Os efeitos adversos mais comuns são sonolência, cansaço, boca seca, visão borrada, dor de cabeça, tremor, palpitações, constipação, náusea, vômito, tontura, cansaço, rubores, transpiração, queda da pressão sanguínea associada à tontura ao levantar-se repentinamente, ganho de peso. No início do tratamento com Imipramina pode ocorrer aumento da ansiedade, mas esta sensação geralmente desaparece dentro de duas semanas.
Outros efeitos indesejáveis podem ocorrer, tais como cáries dentárias, confusão, desorientação, agitação, distúrbio do sono, excitação exagerada, irritabilidade, agressividade, dificuldade sexual, dormência ou formigamento das extremidades, movimentos involuntários, diminuição da produção de lágrimas, pupilas dilatadas, zumbido, aumento da pressão sanguínea, distúrbios abdominais, feridas na boca, ulceração na língua, sensibilidade da pele ao sol, erupções na pele, perda de cabelo, inchaço do peito e derramamento de leite, edema (inchaço do tornozelo e/ou das mãos e/ou de qualquer outra parte do corpo), febre. Pacientes com 50 anos ou mais que tomam um medicamento deste grupo são mais propensos a sofrer fraturas ósseas.
Procure o seu médico imediatamente se qualquer uma das seguintes reações ocorrerem, pois elas requerem maior atenção médica: ver coisas ou ouvir sons que não existem, icterícia, reações cutâneas (coceira ou vermelhidão), infecções frequentes com febre e dor de garganta (causada pela diminuição de células brancas no sangue), reações alérgicas com ou sem tosse e dificuldade de respirar, inabilidade para coordenar os movimentos, perda do equilíbrio, dor no olho, dor abdominal grave com constipação, perda de apetite severa, contração muscular repentina, rigidez muscular, espasmos musculares, dificuldade em urinar, batimento cardíaco rápido ou irregular, dificuldade em falar, confusão severa ou delírio, alucinações, convulsões.
Um efeito também reportado, de frequência desconhecida, é a alteração no paladar.
Se você notar qualquer outra reação adversa não mencionada nesta bula, informe o seu médico.
Informe ao seu médico, cirurgião-dentista ou farmacêutico o aparecimento de reações indesejáveis pelo uso do medicamento. Informe também à empresa através de seu serviço de atendimento.

9. O QUE FAZER SE ALGUÉM USAR UMA QUANTIDADE MAIOR DO QUE A INDICADA DESTE MEDICAMENTO?
Se você tomar uma grande quantidade de Imipra® acidentalmente, procure orientação médica imediatamente.

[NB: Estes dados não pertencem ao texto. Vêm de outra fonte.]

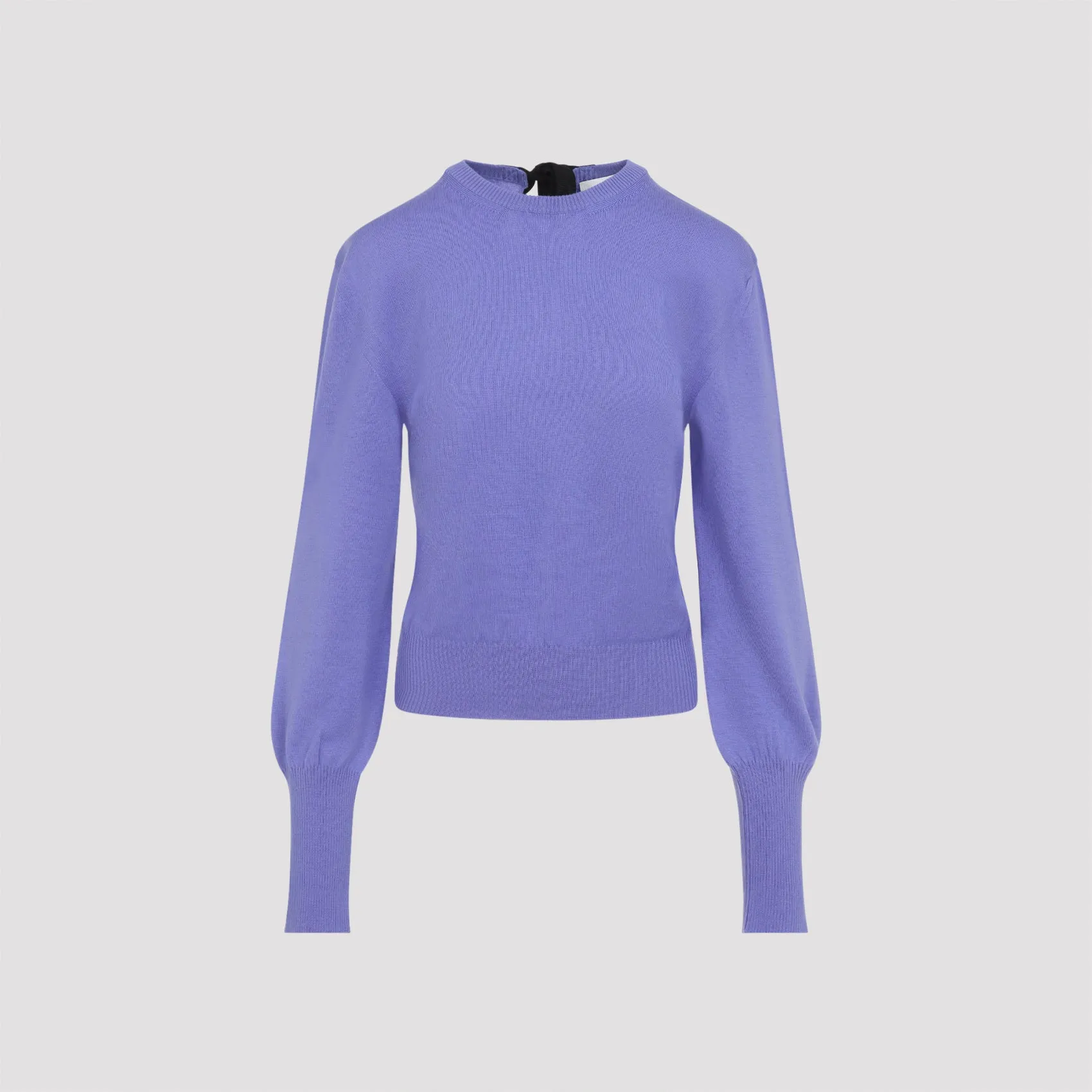 Pullover Blue sold by Wanan Luxury product image thumbnail 2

Os seguintes sintomas da overdose geralmente aparecem dentro de algumas horas: sonolência profunda; falta de concentração; aumento, redução ou irregularidades nos batimentos cardíacos; inquietude e agitação, perda de massa muscular, coordenação e rigidez muscular; falta de ar; pode ocorrer também vômito e febre.
Em caso de uso de grande quantidade deste medicamento, procure rapidamente socorro médico e leve a embalagem ou bula do medicamento, se possível. Ligue para 0800 722 6001, se você precisar de mais orientações.